Regionalliga Nordrhein
Ein irrer Abend: Aldekerk zerlegt Korschenbroich
Der Tabellendritte zeigt durch das 42:27 im Spitzenspiel gegen den Zweiten eindrucksvoll, dass er ein heißer Aufstiegskandidat ist.

Über den Wolken: Aldekerks Kreisläufer Jonas Mumme (mit Ball) war selbst bei dem einen oder anderen Tempogegenstoß schneller als die Abwehr der Korschenbroicher (hier mit Philip Schneider/Nummer 43 und mit Steffen Brinkhues/17), die insgesamt oft schlecht aussah. (Foto: Michael Jäger)

TV Aldekerk – TV Korschenbroich 42:27 (17:14).
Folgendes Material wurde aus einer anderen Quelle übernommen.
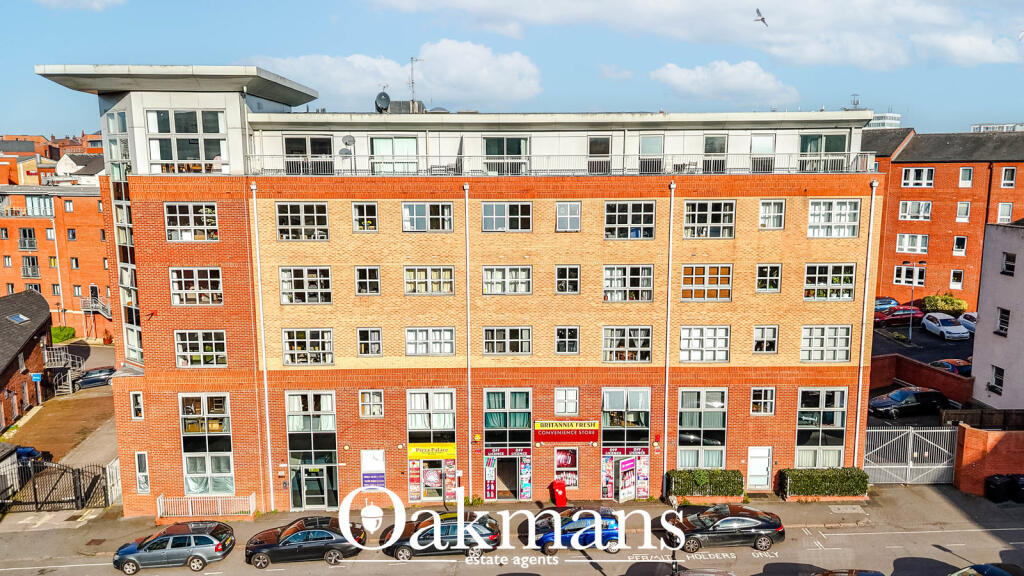 Additional image 30 of George Street, Birmingham, West Midlands, B3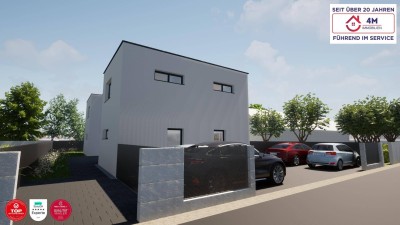 OPEN HOUSE AM SONNTAG 08.06. UM 11 Uhr!!TOP moderne Doppelhaushälfte in Gerasdorf bei Wien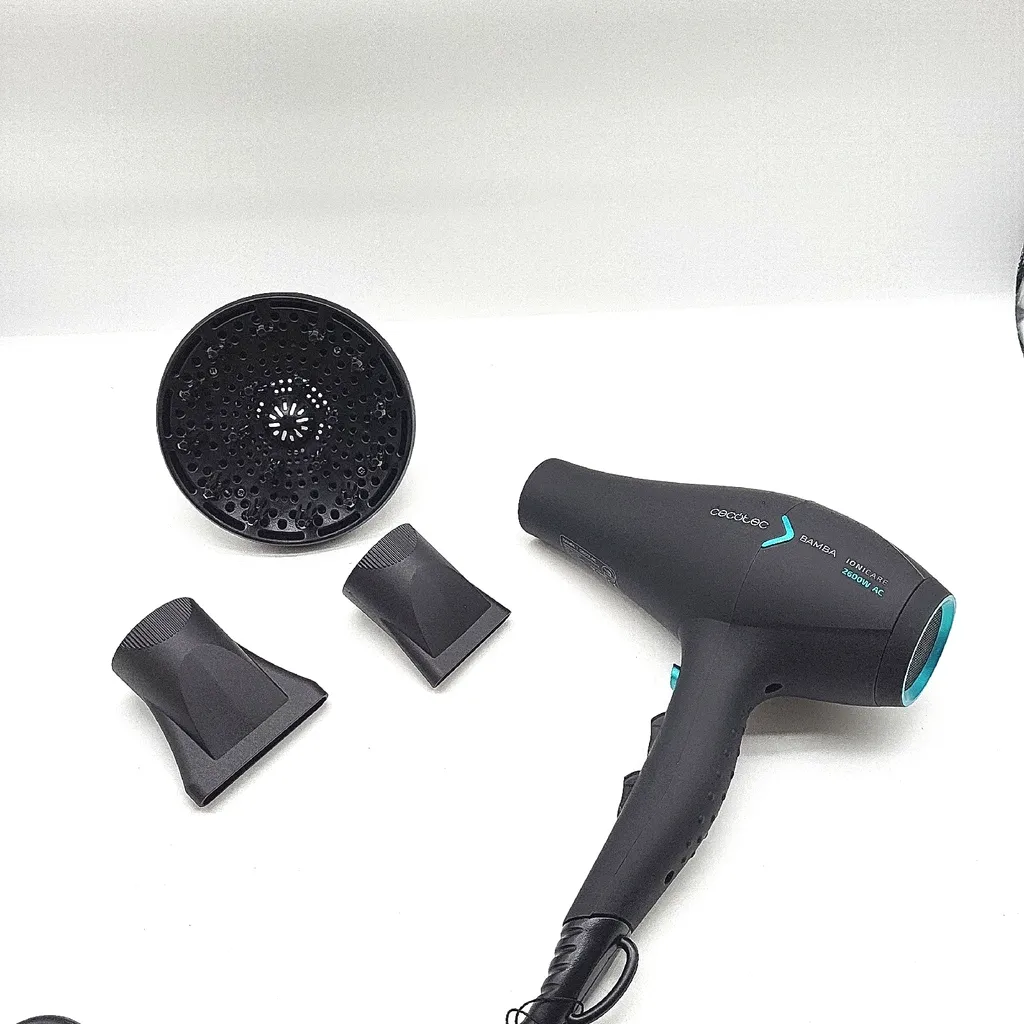 Sèche-Cheveux Rapide Cecotec Bamba IoniCare 5350 pour Brushing Parfait - 9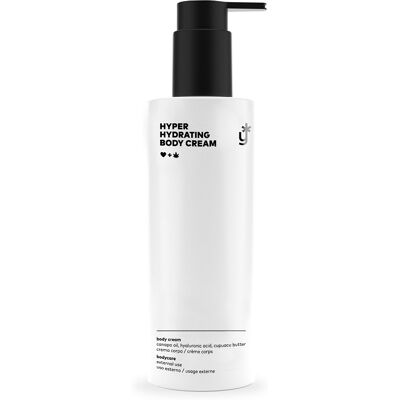 Biohempathy Hyper Hydrating Body Cream - Crema Corpo Biohempathy Hyper Hydrating Body Cream - Crema Corpo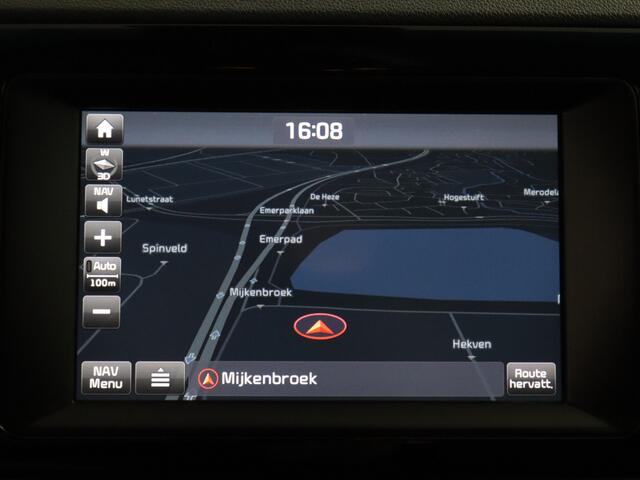 KIA Niro 1.6 GDi Hybrid First Edition | Climate en Cruise Control | Navigatie | Parkeercamera |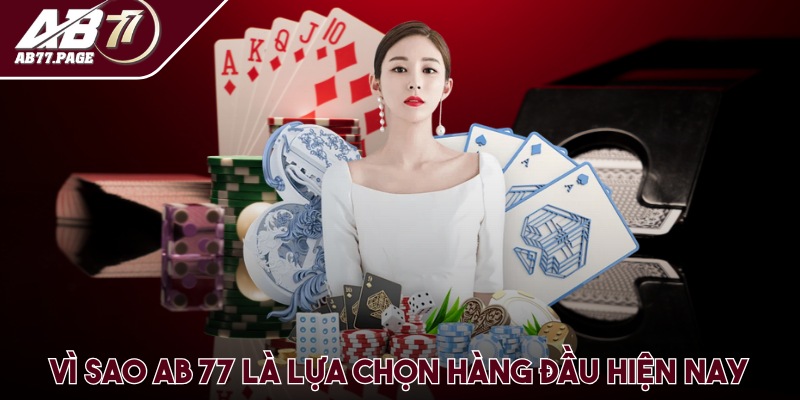 khuyến mãi hấp dẫn tại ab77
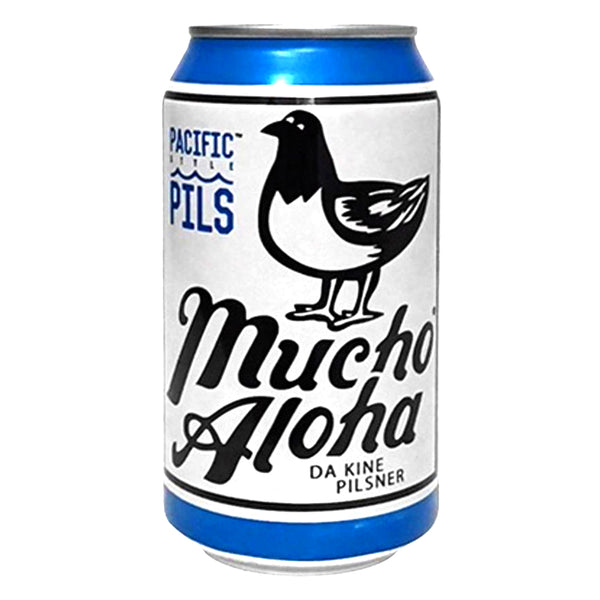 buy Mucho Aloha Pacific Pils in los angeles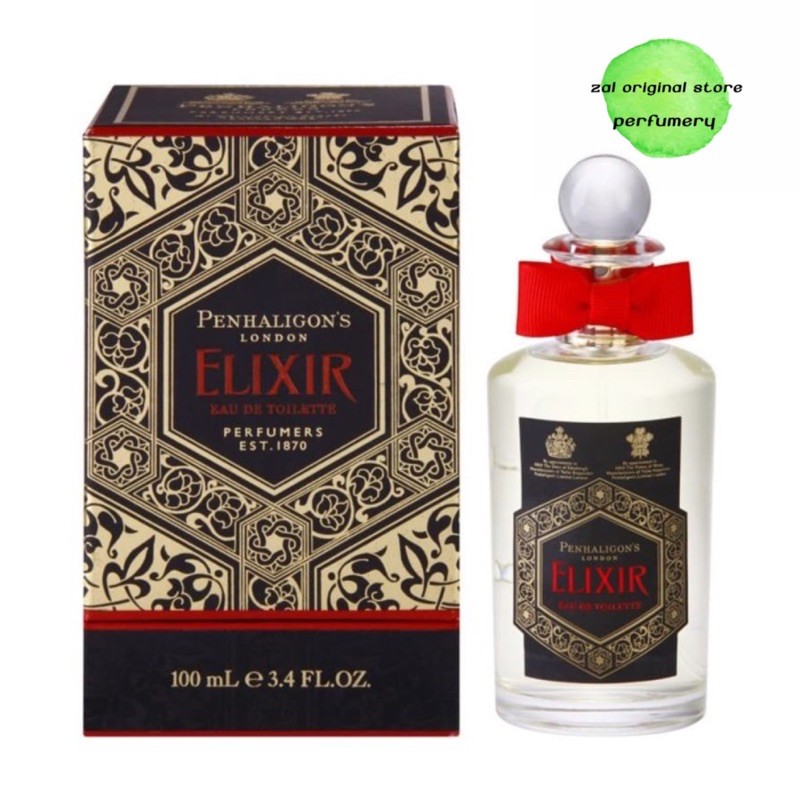 Penhaligon's Elixir EDP 100ml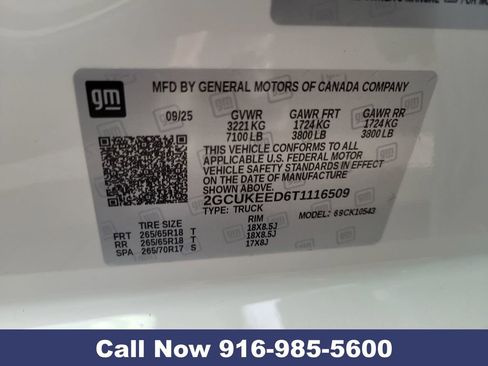 New 2026 Chevrolet Silverado 1500 RST w/ Convenience Package II image 38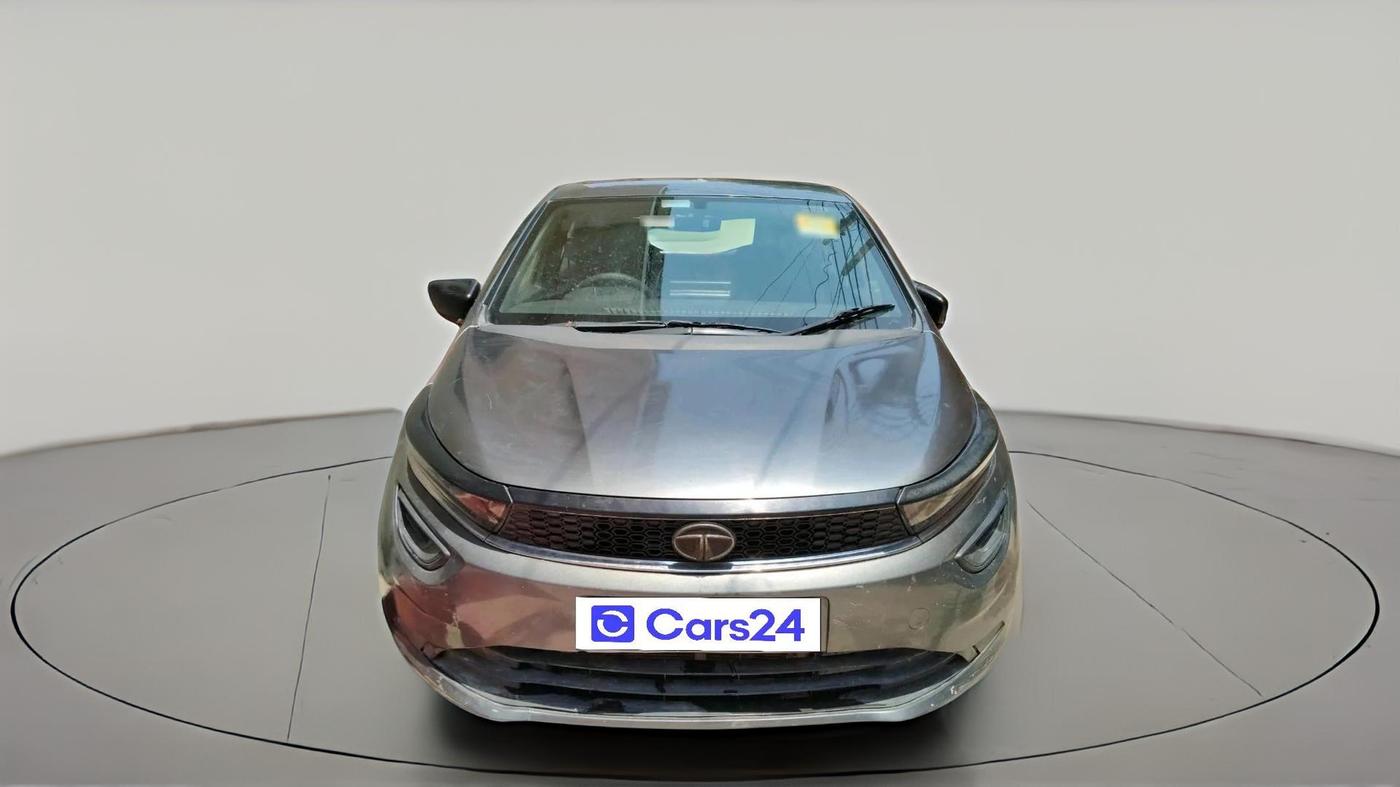 2023 Tata ALTROZ XE PETROL, Petrol, Manual, 39,351 km, exterior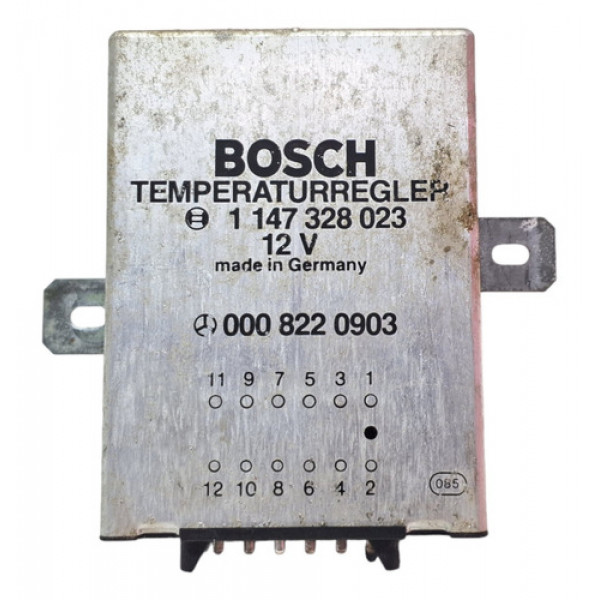 Módulo  Temperatura Mercedes-benz 280s W126 1983 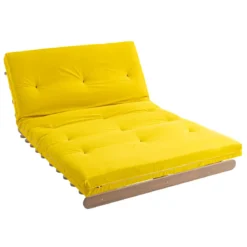 Matelas futon coeur en mousse à mémoire de forme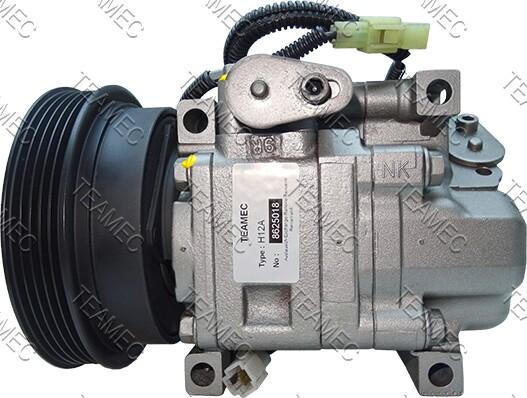 Cevam 8625018 - Compressore, Climatizzatore autozon.pro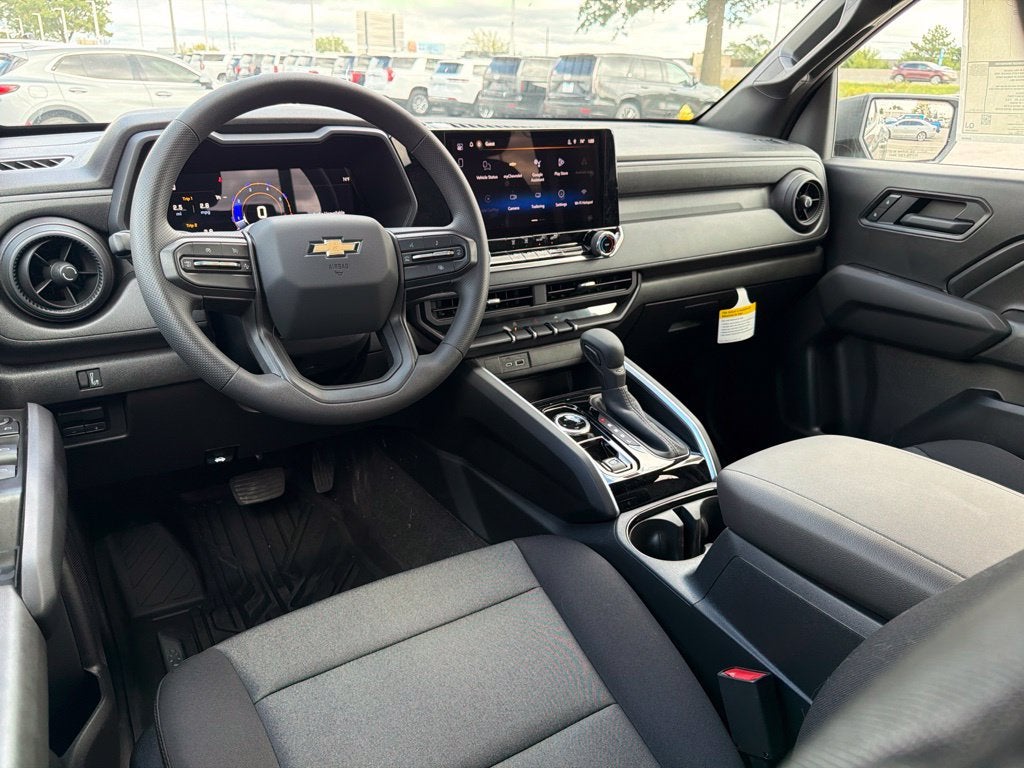 2026 Chevrolet Colorado Work Truck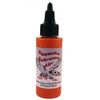 Paasche 120 ml Orange Acrylic All Surface Paint Airbrush Paint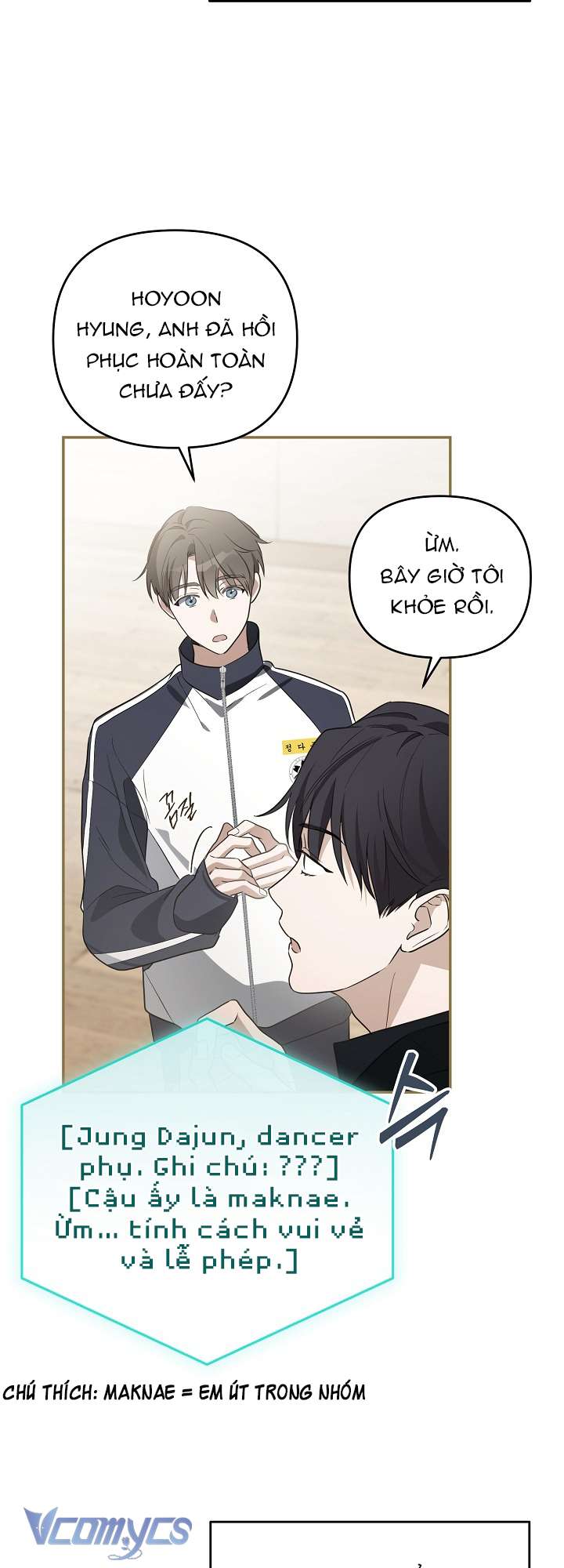 Rác Rưởi Sống Sót Với Thân Phận Thần Tượng PD Chap 2 - Trang 2
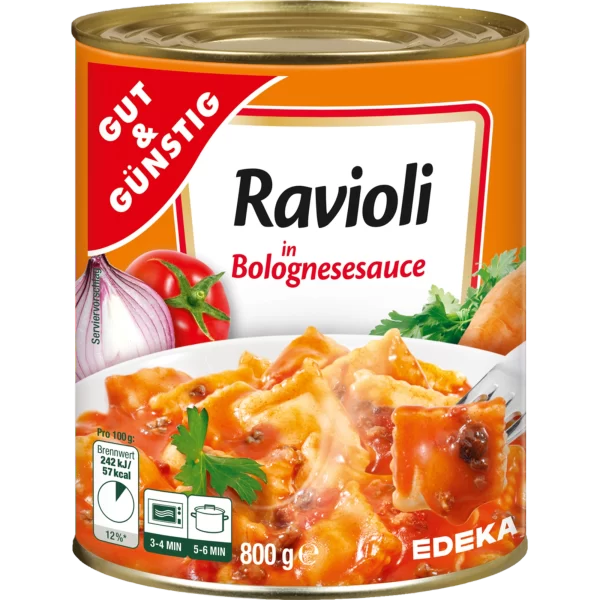 g&g_ravioli_in_bolognesesauce_800g G&G RAVIOLI IN BOLOGNESESAUCE 800G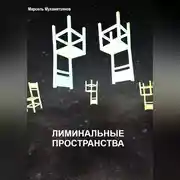 Постер книги Лиминальное пространство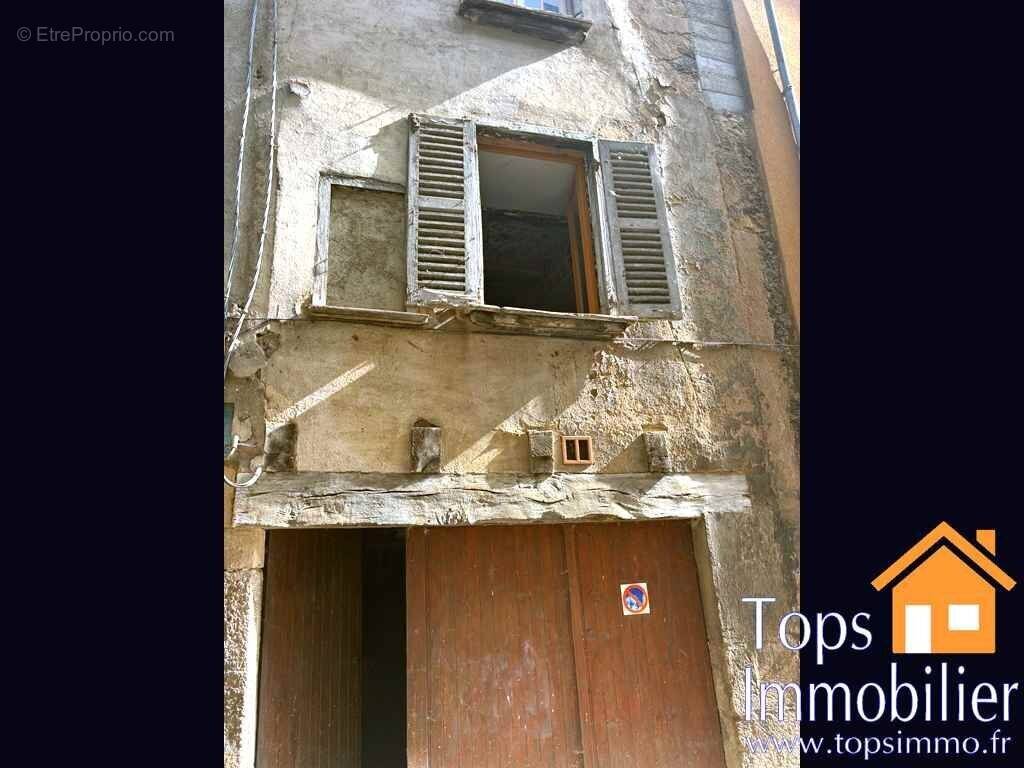 Maison à VILLEFRANCHE-DE-ROUERGUE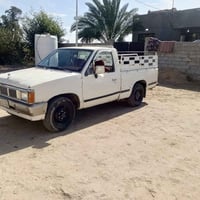 نيسان • بيك اب • سماوه وركاء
Das Ergebnis auf der Anzeigetafel war keine Sinnestäuschung. Es stimmte. Und viel besser geht das in der Regionalliga auch nicht. Was ebenfalls stimmt: Die Aldekerker müssen sich nicht erst nach diesem Erfolg für den Rest der Saison ernsthaft mit der Rolle des ganz heißen Titelkandidaten beschäftigen. Kürzlich erst das 36:32 beim Spitzenreiter Interaktiv.Handball, jetzt dieser Triumph über den Zweiten Korschenbroich: Es waren zwei Kampfansagen der besonderen Art an die Konkurrenz. „Wir haben gegen die Gegner von oben eigentlich nie schlecht gespielt“, fand Trainer Nils Wallrath – was in einer Rückschau wohl als Untertreibung des Jahres auftauchen würde. TVK-Trainer Dirk Wolf, dem die Partie naturgemäß mit fortschreitenden Dauer überhaupt keinen Spaß mehr gemacht hatte, musste zwar kurz nach der Schluss-Sirene aus dem Halleninneren flüchten, um sich eben zu sammeln, brachte den Abend aber als fairer Verlierer sehr treffend auf den Punkt: „Aldekerk hat auch in der Höhe verdient gewonnen.“ Dabei war es  die größte Überraschung, wie das Team von TVA-Trainer Nils Wallrath in der zweiten Halbzeit über die Gäste hinwegfegte, die gleichzeitig von einer Verlegenheit in die nächste stolperten. Natürlich hatte dieses Resultat, mit dem keiner der Beteiligten auch nur ansatzweise rechnen konnte, durchaus spannende Folgen für den weiteren Kampf um die Meisterschaft. Vorne liegen weiter Interaktiv (34:8) und Korschenbroich (34:10), doch Aldekerk (jetzt 29:9) konnte sich ein Stück heranschieben und wird nun den Rest seines Mammutprogramms bis zum Saisonende mit viel Schwung in Angriff nehmen. Und sollten der TVK und der TVA später nach Punkten gleichauf liegen, hat Aldekerk sogar nach dem 27:33 aus der Hinrunde den in diesem Fall entscheidenden direkten Vergleich auf seiner Seite. Ganz nebenbei steht zurzeit als letztes Spiel im Terminkalender der Hausherren das Heimspiel gegen Interaktiv. Die Serie 2021/2022 steuert womöglich auf ein echtes Finale zu.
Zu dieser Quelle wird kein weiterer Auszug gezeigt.